- Born: 1908 Plaistow, New Hampshire, United States
- Died: October 26, 1992 (aged 83–84) Paris, France
- Occupation(s): Dancer, choreographer

= Jerome Andrews =

American dancer and choreographer

Jerome Andrews (1908 - October 26, 1992) was an American dancer and choreographer. He is remembered as a pioneer of modern dance in France.

==Biography==
===Early life===
Jerome Andrews was born in Plaistow, New Hampshire, in 1908. He was educated at the Cornish College of the Arts in Seattle. He was then trained in modern dance by Martha Graham, as well as Ruth St. Denis, Doris Humphrey and Hanya Holm.
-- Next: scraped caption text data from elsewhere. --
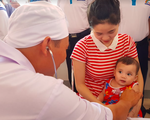 Từ chối tiêm vaccine là cha mẹ thiếu trách nhiệm, tự đặt con mình vào nhiều rủi ro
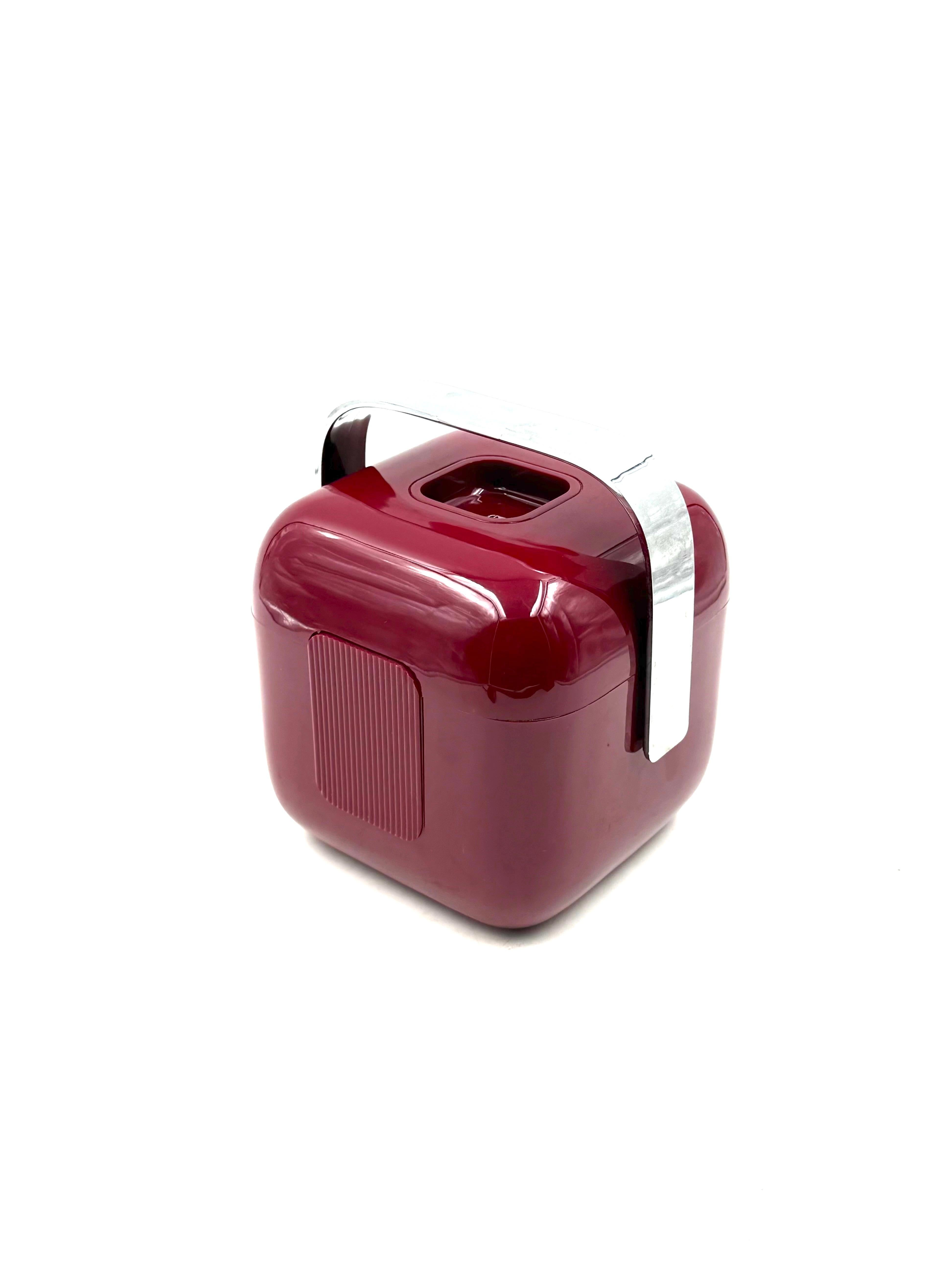 Space age red Ice Bucket, Guzzini Italy, ca. 1970s For Sale 4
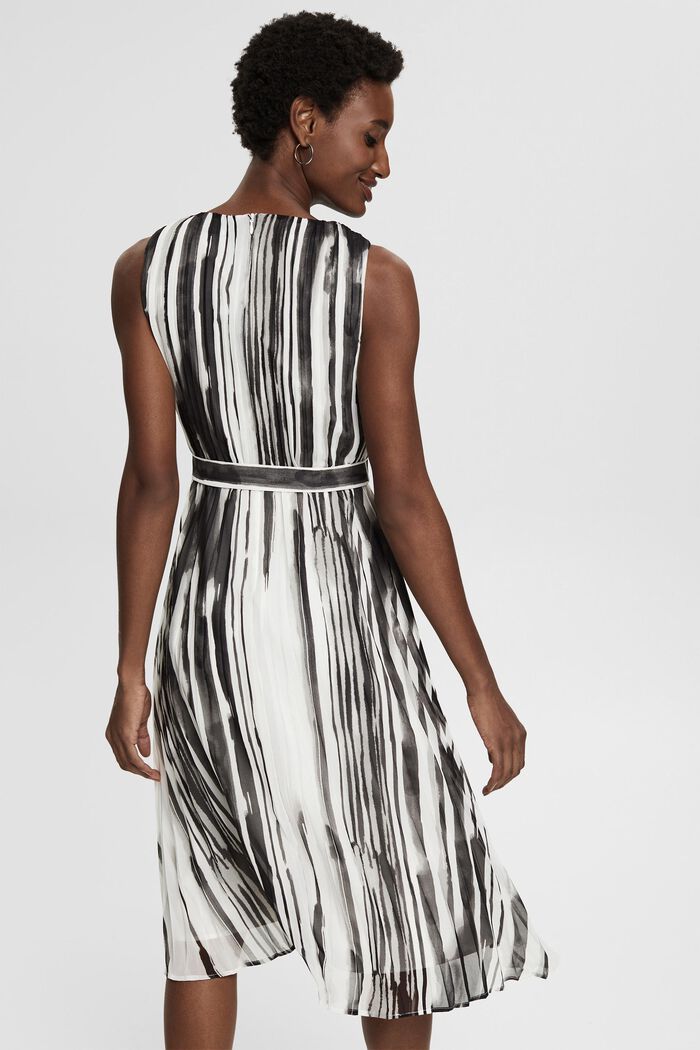 Recycelt: plissiertes Kleid mit Muster, BLACK, detail image number 2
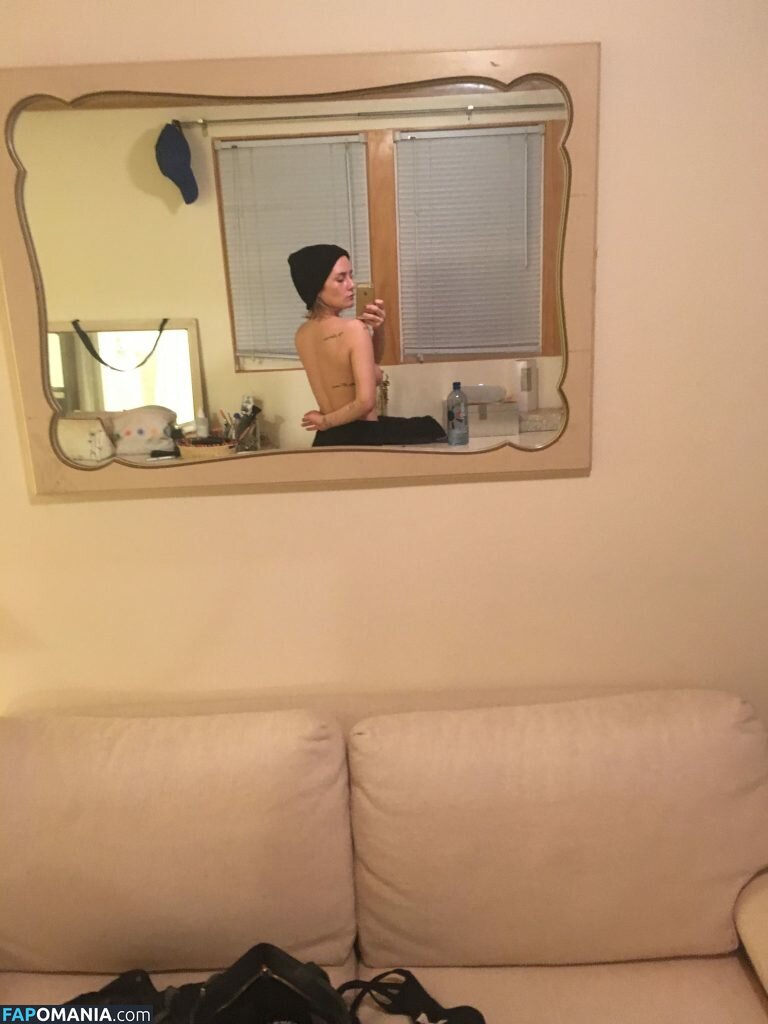 Addison Timlin Nackt Geleaktes Foto #51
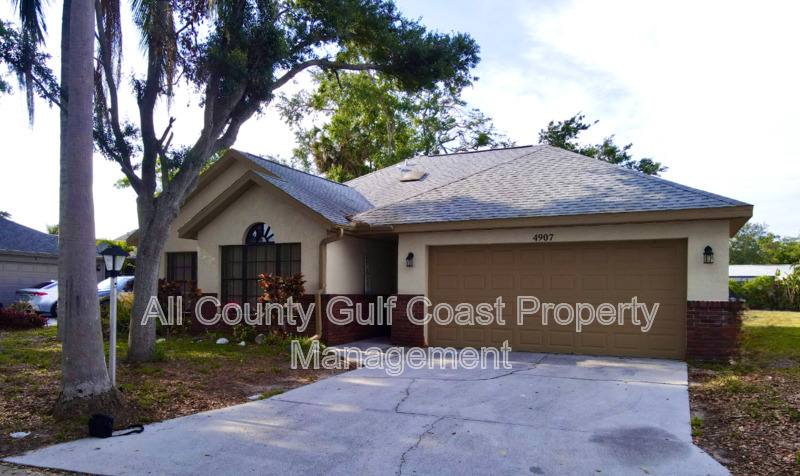 House for rent at 4908 82nd Place E, Sarasota, FL 34243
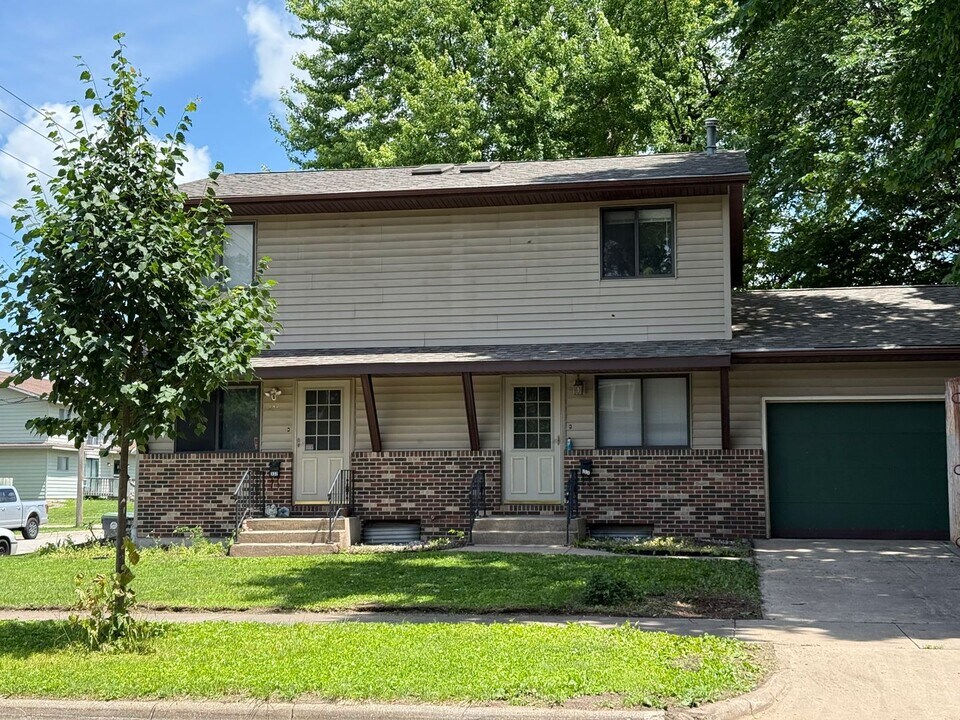330 Liberty St in La crosse, WI - Building Photo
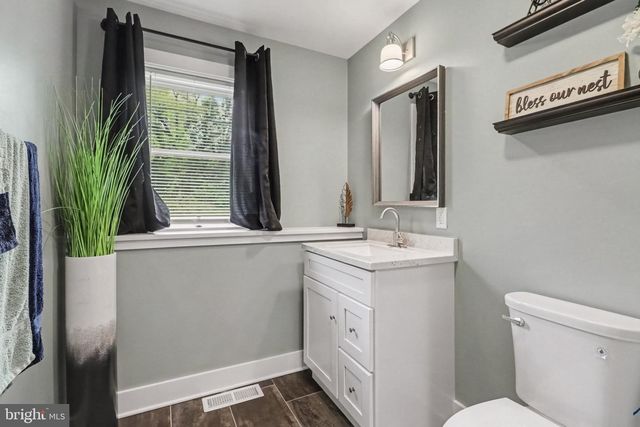7317 DEVONSHIRE HEIGHTS RD, Harrisburg, PA 17111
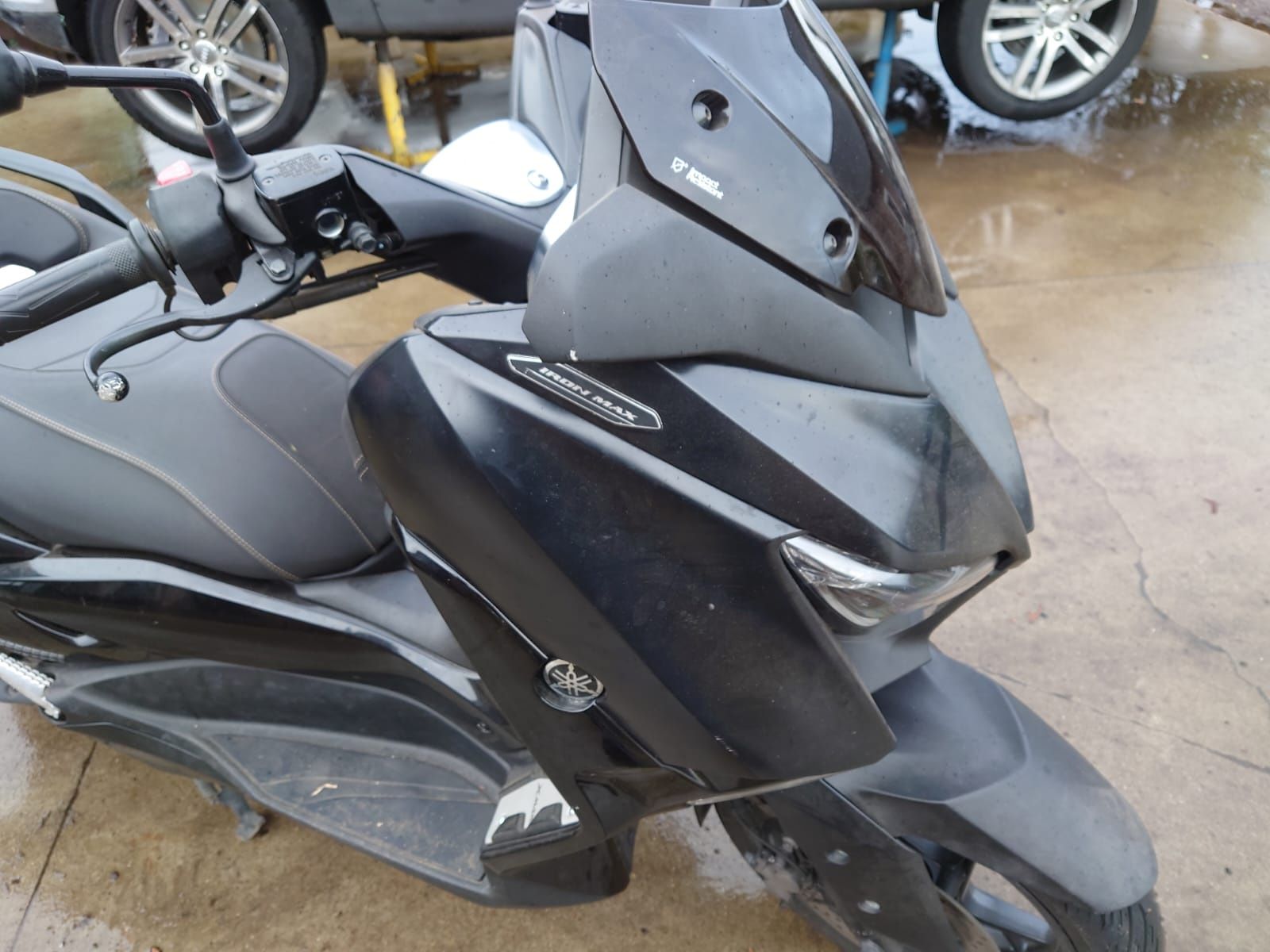 Skuter motocykl yamaha x-max 2019r iron max125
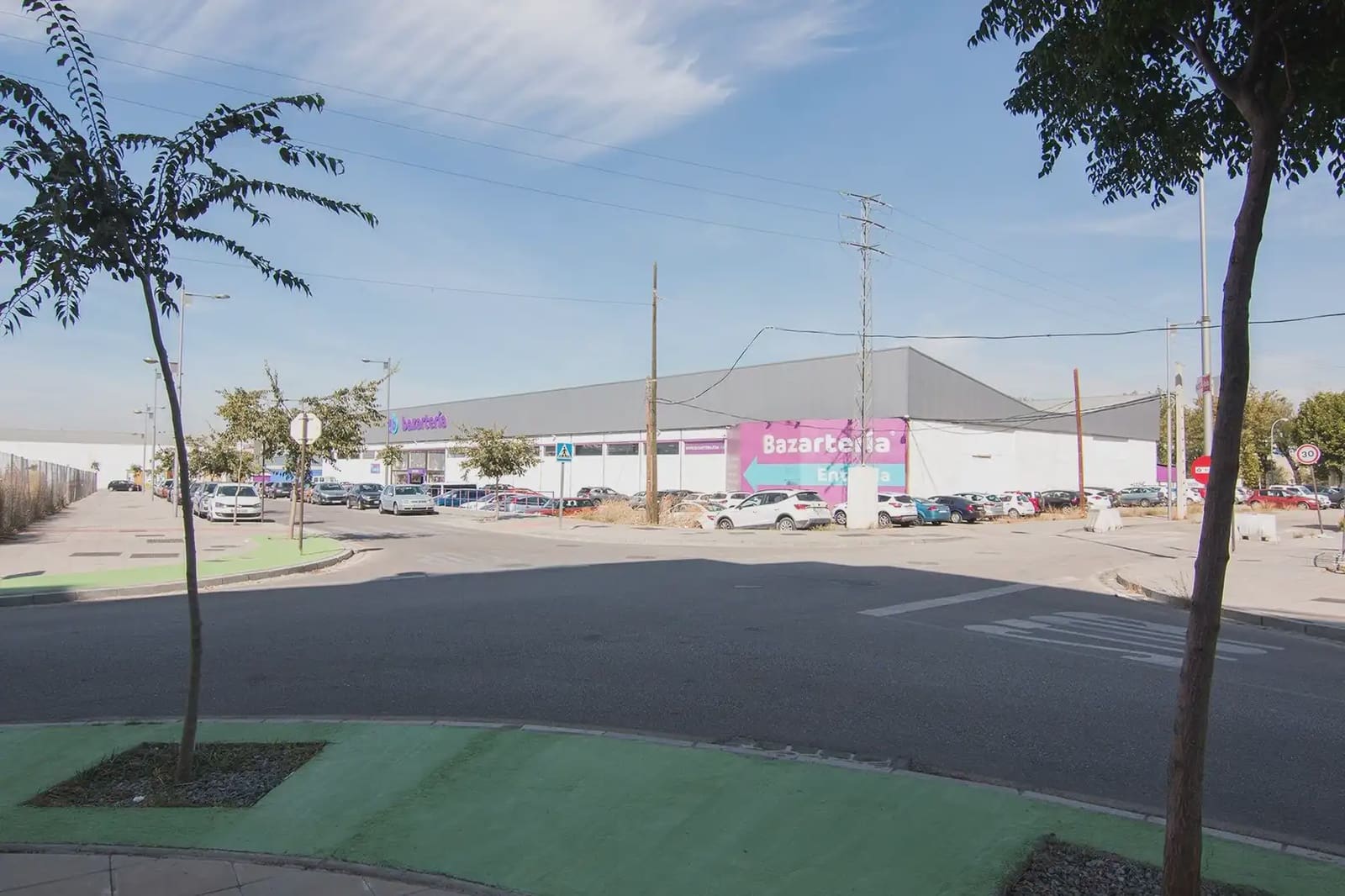 Commerciale in vendita in Armilla - 500.000 € (Rif: 9837039)
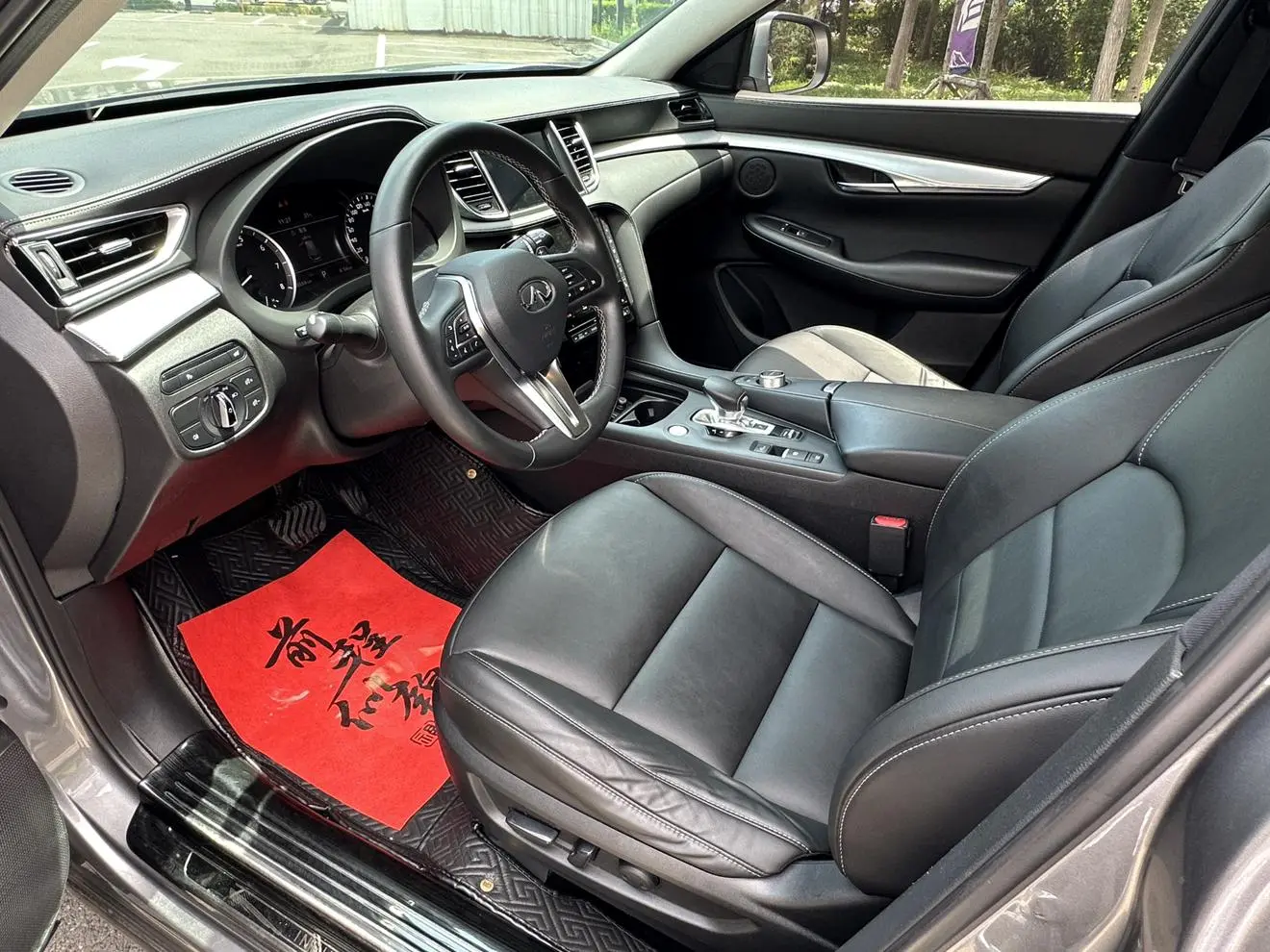 Infiniti Infiniti QX50 2.0T two-wheel drive fashion version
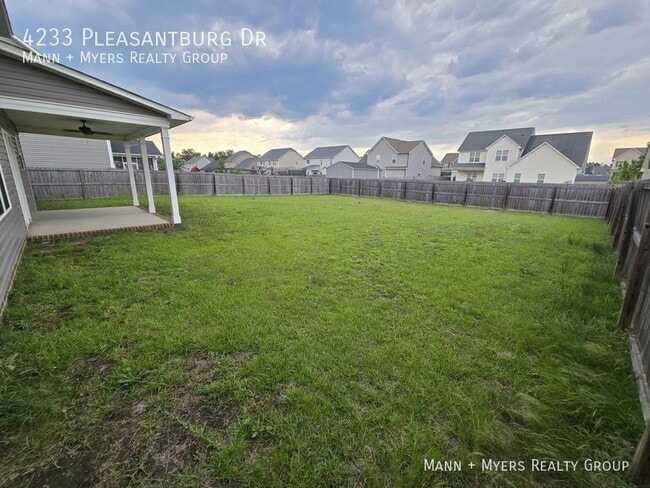 Building Photo - 4233 Pleasantburg Dr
He was also influenced by Mary Wigman.

===Career===
He started his career as a dancer in Paris in the early 1930s, where he was a dancer in Rhapsody in Blue by George Gershwin at Le Colisee. He also danced in London, where he was choreographed by Sigurd Leeder for Prometheus. At the same time, he also worked as a dancer of ballet and modern dance from 1931 to 1937 at the Radio City Music Hall in New York City. While working at the Radio City Music Hall, Andrews met ballet dancer Edith Allard, who later credited him with inspiring her to pursue a career in Paris. At the same time, he worked as a dance teacher and assistant to Alyse Bentley. He also worked with his former teacher, Martha Graham.

He also worked as a choreographer in New York. For example, he choreographed Maurice Ravel's The Waltz, which was performed at the Radio City Music Hall.

He moved back to Paris permanently in the 1952, where he worked as a dance teacher and choreographer. A year later, in 1953, he established Les Compagnons de la Danse, a dance company. Some of his most renowned students were Dominique Dupuy and Francoise Dupuy. A decade later, in 1964, he formed the Jerome Andrews Dance Company. According to the Los Angeles Times, he pioneered modern dance in France, where ballet was a more popular form of dance in the 1950s.

===Death===
He died on October 26, 1992, in Paris, at the age of eighty-four.